Дни, проведенные в Онфлёре и на ферме Сен-Симеон, оставили неизгладимое впечатление в душе многих художников. В последние годы жизни Буден в письме одному из своих друзей в наивно-лирических тонах описывал атмосферу тех дней: «О, Сен-Симеон! стоило бы написать целую поэму об этой гостинице. После меня там побывало столько разных людей и, в частности, художников: Франсе («сельский» живописец, бывший бухгалтер из «Ревю де дё Монд», Бодлер говорил о нем: «Это почти Коро, но менее простодушный и более хитрый»), которого я привез сюда вместе с моим старым другом поэтом Гюставом Матье… Сюда же я притащил позавтракать и выпить бутылочку сидра Тройона и Ван Марка… Я чуть было не забыл упомянуть моего ученика — Клода Моне.

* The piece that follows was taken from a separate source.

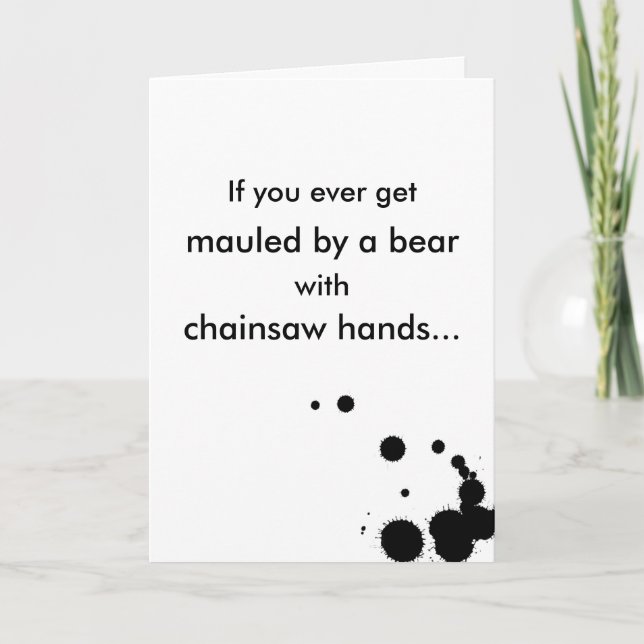 Bear Mauling Romance Card (Front)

А сколько партий в кегли было сыграно с Диазом, прекрасным

игроком, умевшим так энергично бросить мяч, что все кегли падали сразу».

Дни блаженства, дни молодости — в те времена метафизические проблемы еще не особенно мучили художников. Они были заняты лишь тем, чтобы излить на свои полотна переполнявшие их чувства.

Глава шестая

Гребцы на сене

Пленэр будущие импрессионисты открыли для себя в Барбизоне. В Онфлёре они изучали игру света на воде и облаках. На берегах Сены и в пригородах Парижа они начали анализировать отражение и мерцание света. Их мазок как бы дробится, он словно специально создан, чтобы лучше передать трепет жизни. Именно с этого момента они, собственно, и стали импрессионистами.

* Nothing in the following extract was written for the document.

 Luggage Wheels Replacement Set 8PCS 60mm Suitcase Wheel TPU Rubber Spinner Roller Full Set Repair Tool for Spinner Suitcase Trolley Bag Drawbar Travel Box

Дни, проведенные на берегах Сены, в Буживале, в Шату и Аржантее, были тем счастливым периодом в творчестве импрессионистов, когда все они находились в согласии друг с другом. Прежде художники были единодушны лишь в понимании современности, как понимал ее Бодлер; в использовании по преимуществу светлых красок и в полном отказе от иссушающего метода Школы изящных искусств. Позднее их пути разойдутся: одни углубятся в тончайший анализ света, другие вернутся к более четкому композиционному решению, в котором рисунок будет не менее важен, чем свет.

Десятилетие с 1869 по 1878 год и отчасти 1881 год были поистине золотыми временами для Моне, Ренуара, Сислея и Писсарро. Они с радостью приветствовали Мане, вернувшегося в группу благодаря усилиям Моне, и Сезанна, обращенного в новую веру самим Писсарро. Эдуар Мане, разочарованный тем, что его полотно «Железная дорога», написанное в мастерской на улице

Санкт-Петербург, не было одобрено жюри Салона, сделал следующий вывод: раз его не понимают и все старания угодить жюри и критикам оказались напрасны, он мало чем рискует, если присоединится к своим непримиримым друзьям и попытается применить их теории на практике. Разумеется, это длилось недолго, всего один летний сезон. Мане был не слишком силен в работе на пленэре, и все же одного сезона оказалось вполне достаточно, чтобы написать несколько довольно удачных, если не самых знаменитых картин, таких как «Аржантей», «В лодке», «Клод Моне, рисующий в лодке». Ах! Это были восхитительные времена…

Атмосфера, царившая на берегах Сены в солнечные дни, прекрасно описана братьями Гонкурами в «Манетте Саломон»: «Все наслаждались течением дня, усталостью, скоростью, вольным струящимся воздухом, мерцанием воды, солнцем, опаляющим землю; вокруг все светилось, все оглушало и ослепляло, во время неспешных прогулок чувствовалось почти животное опьянение жизнью, и эта самая жизнь казалась огромной рекой, курящейся, ослепленной солнцем и ясным днем».

Золя был первым…

Прелесть водной глади импрессионисты открывали для себя постепенно. В 1865 году Ренуар предложил Базилю присоединиться к нему и Моне в путешествии вниз по Сене на лодке. Летом он написал одному из друзей: «Мы собираемся отправиться посмотреть регату в Гавре, уже решили остановиться там дней на десять, расходы в целом составят 50 франков… Если захочешь присоединиться, доставишь мне удовольствие… Я беру с собой краски, намереваюсь сделать зарисовки мест, которые понравятся. Думаю, что все будет очень мило. Ничто не помешает покинуть не приглянувшийся чем-нибудь уголок, точно так же, как ничто не помешает остаться там, где глянется. Питание довольно непритязательное… На буксире нас дотащат до Руана, а оттуда мы уже будем вольны делать все, что ни пожелаем…» Базиль по просьбе родителей был вынужден отправиться на каникулы в Монпелье, и его заменил Сислей.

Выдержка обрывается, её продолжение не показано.